Sicker people will still pay more

Even the HHS study predicts that the Cruz amendment will result in more expensive premiums for patients who need health care. These premiums will be a result of health plans being unable to spread medical costs from sicker patients across a large risk pool of healthier patients. Over time, as premiums increase, fewer people will be able to afford to buy insurance, making the pool smaller and sicker. This is the definition of the dreaded death spiral that has killed individual markets in the past, like New York state’s pre-Affordable Care Act.

Little incentive for insurers to offer plans where there are none

HHS imagines that health plans would voluntarily offer to sell ACA-compliant plans in all counties in America, something that they are not currently doing, despite a mandate and unified risk pools. This defies basic fundamentals of capitalism that insurers would enter harsher markets of small, unstable, and super sick risk pools with little financial incentive. It’s more likely that under the Cruz amendment, more ACA-compliant plans would exit the market, resulting in millions of Americans having far fewer insurance options—not more. Furthermore, the reinsurance fund assumed by HHS is unlikely to be significant enough to make these markets profitable for health plans based on current ACA market losses.

Cruz plans have high deductibles and barely-there coverage

The non-ACA compliant plans achieve lower premiums by excluding basic health benefits and charging $12,000 deductibles. Very few Americans have $12,000 in savings—which is what one would need to spend out of pocket before full plan benefits kicked in. By comparison, a “silver plan” under the ACA currently has a deductible of just $3,000. This increase in deductibles and out-of-pocket costs will inevitably lead to a recurrence of medical bankruptcies and widespread financial hardship.

HHS compares apples to oranges

Finally, HHS’s report is filled with a mixture of questionable assumptions and apples-to-oranges comparisons. HHS compares premiums for a 40 year old under the Cruz proposal to an “enrollment weighted average” premium under the ACA. This is a misleading constant, given that older Americans have different health challenges and will face different cost barriers. Those in their 40s pay lower premiums than those in their 60s, who will likely face enormous premium increases under the BCRA, which would allow insurance companies to charge older individuals five times more than younger people.

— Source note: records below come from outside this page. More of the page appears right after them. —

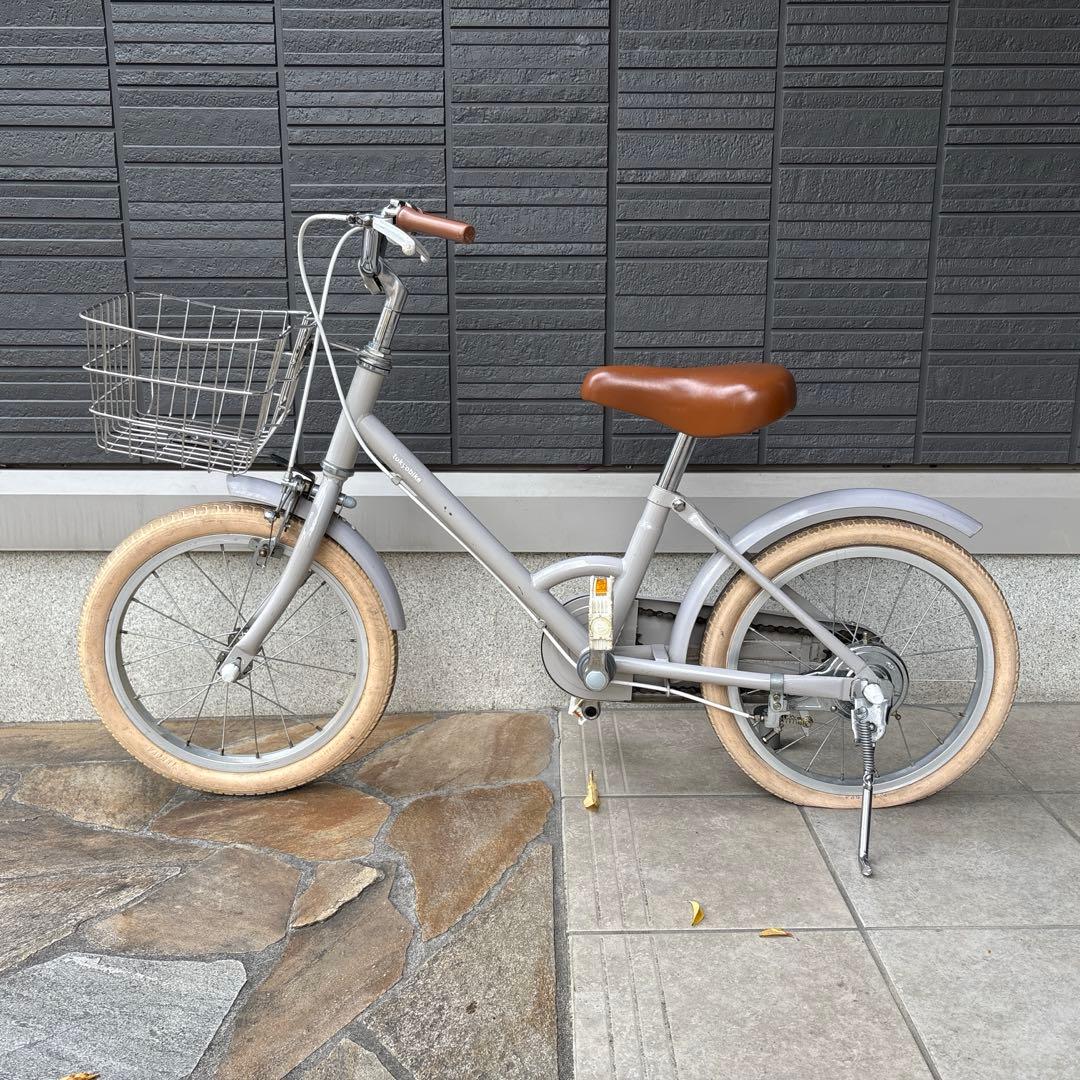 little tokyobike 16インチ アイボリー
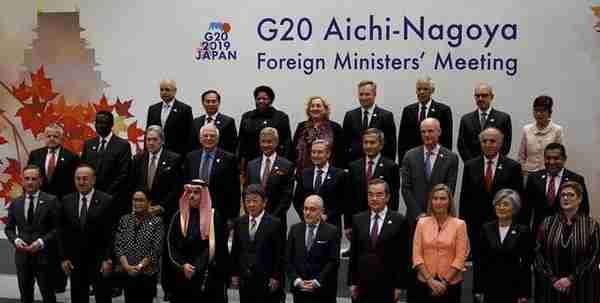 G20财长峰会：重申对全球稳定币的监管与审查
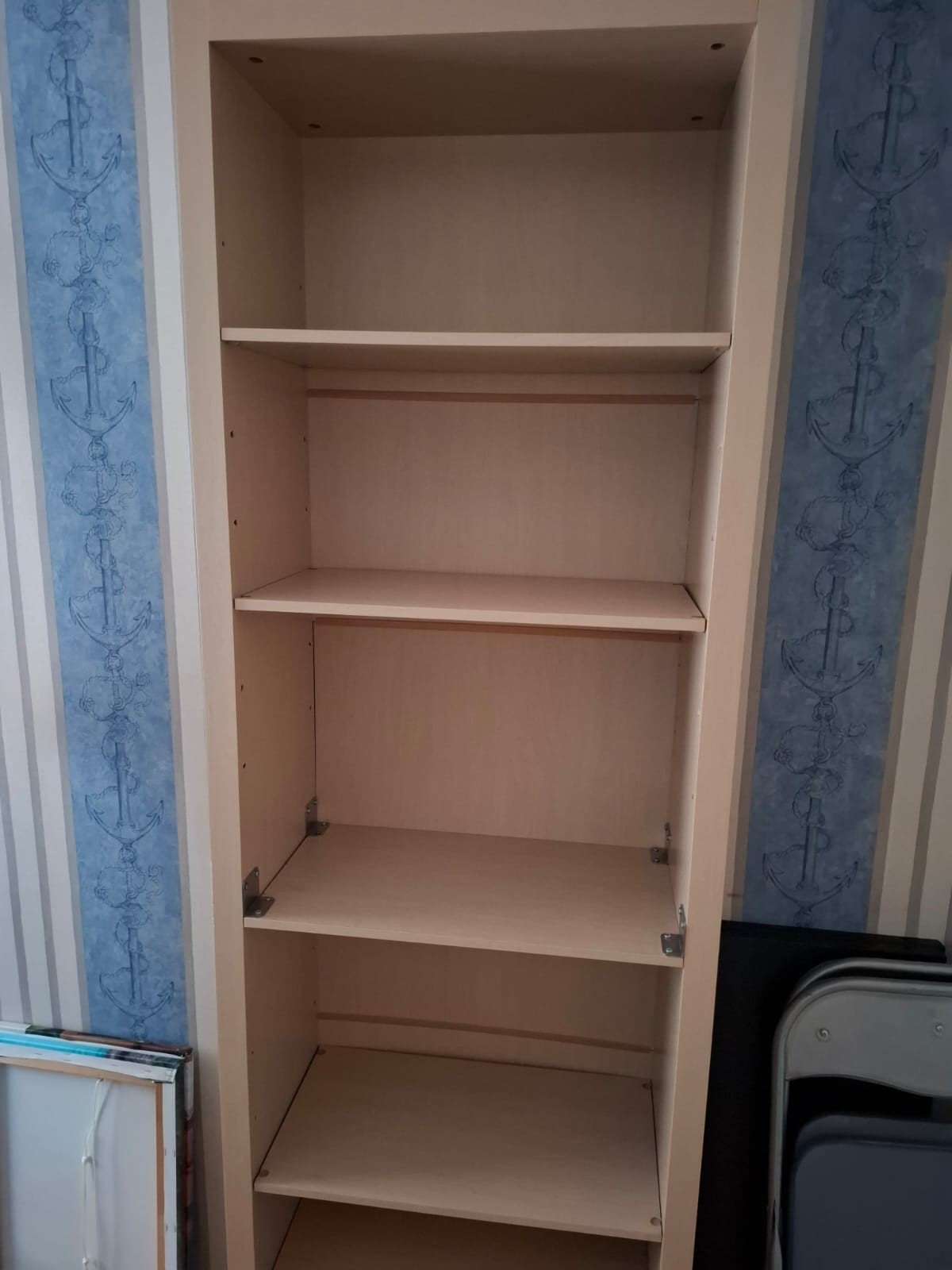 boekenkast, Huis en Inrichting, Ophalen, 50 tot 100 cm, Zo goed als nieuw, 150 tot 200 cm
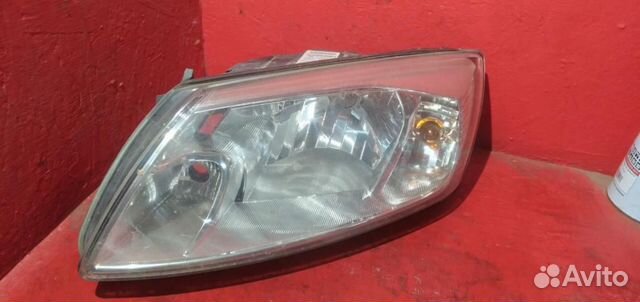 Фара левая Лада Гранта седан Ваз 2190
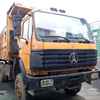 山西出售转让二手2008年北奔ND3250S自卸车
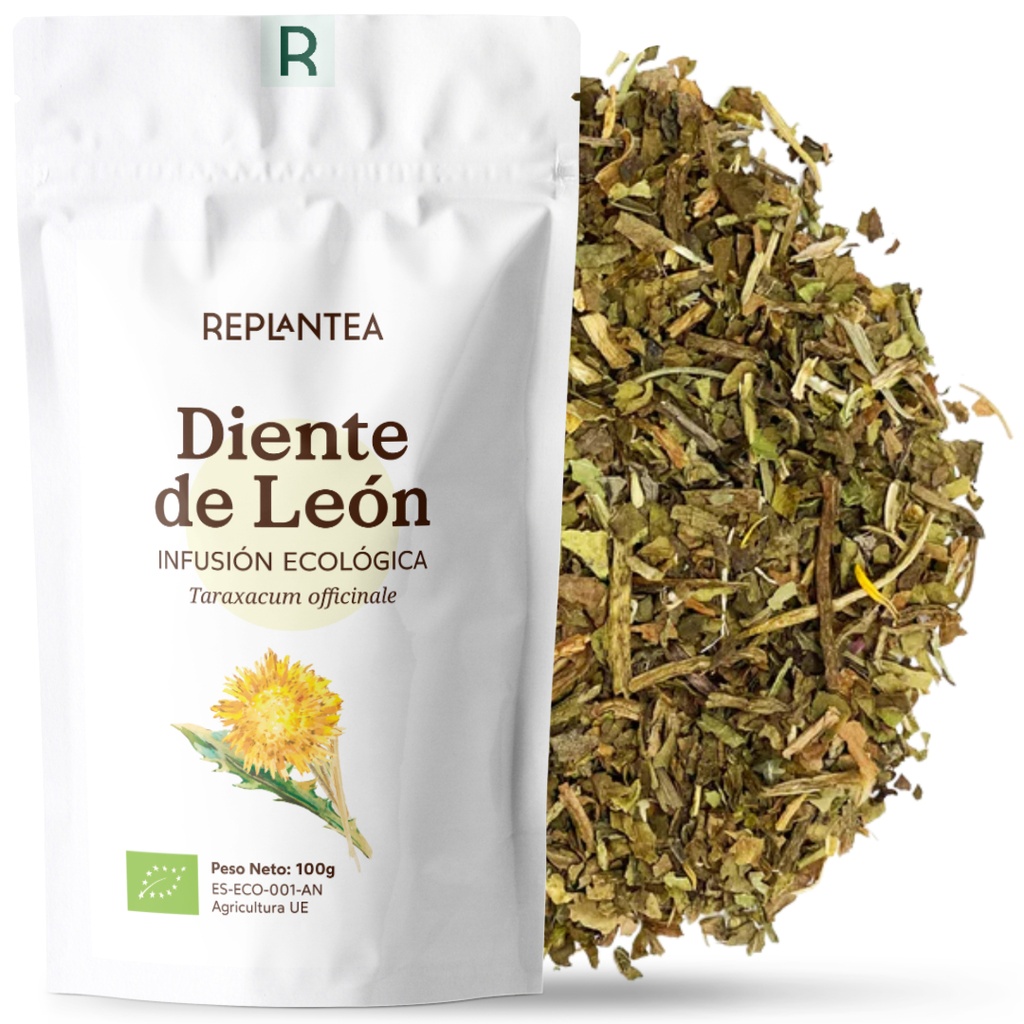 [IN029] Infusión de Diente de León Ecológica 100g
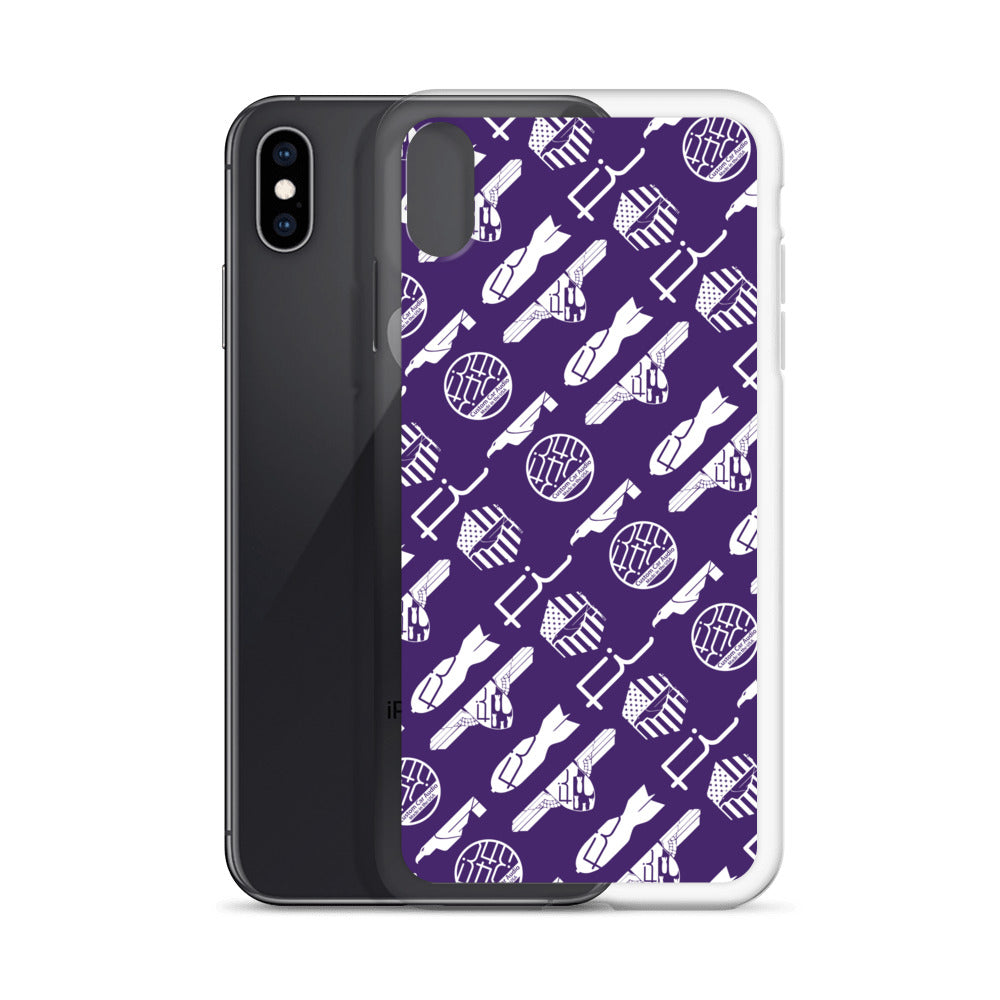 Fi ALL Logo iPhone Case (Purple)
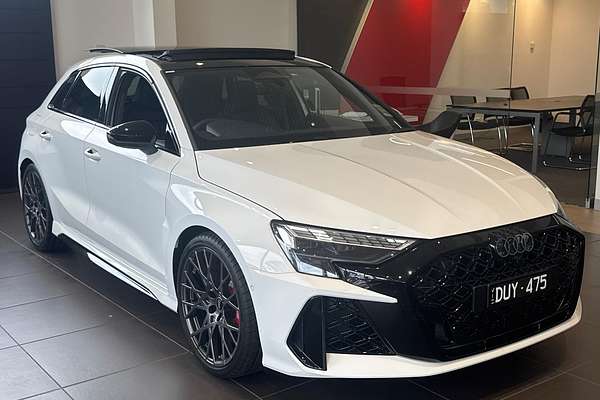 2025 Audi RS3 GY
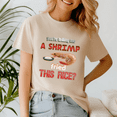 thumbnail image 3 of You Are Telling Me A Shrimp Fried This Rice Dad Joke Shirt, Meme Tee, Trending Tshirt, Raccoon Shirt, Funny Friend Gift, 3 of 5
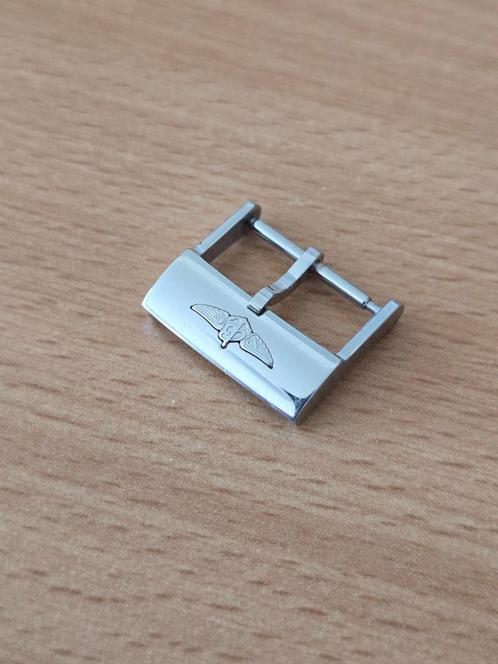 Breitling gesp 20mm, Sieraden, Tassen en Uiterlijk, Overige Accessoires, Gebruikt, Ophalen of Verzenden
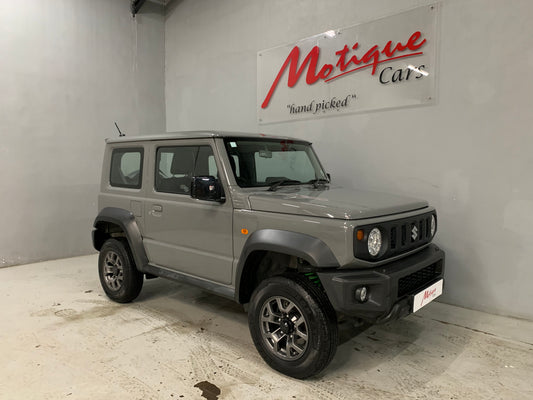 Suzuki Jimny 1.5 GLX AT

HHS believes seven to eight million healthy people will voluntarily buy these super skimpy plans, despite the lack of a mandate and sky-high premiums

HHS offers no estimates for the out-of-pocket costs that patients would bear for the “essential services” not covered by Cruz’s plans. HHS’s results also rely on assumptions about consumer behavior, including who will buy ACA-compliant or Cruz plans by income, age, and risk. HHS shares no detail about these assumptions, calling them “proprietary.” It’s difficult to believe that more poor people would somehow afford higher premiums, or that much demand exists among young people for plans with $12,000 deductibles. The Congressional Budget Office’s (CBO) own projections run counter to these predictions.


HHS should share more information about its model and its underlying assumptions. Given the Trump administration’s track record with math and facts, it is unlikely that their modeling results are going to be right. The damage done as a result of being wrong could lead to death spirals in many state insurance markets, millions of sick people lacking access to affordable coverage, many young people buying plans that do not cover what they need, and all of us paying more.

Bob Kocher is a former Special Assistant to the President for Healthcare and Economic Policy on the National Economic Council; Andy Slavitt is the former Acting Administrator for the Centers for Medicare and Medicaid Services (CMS).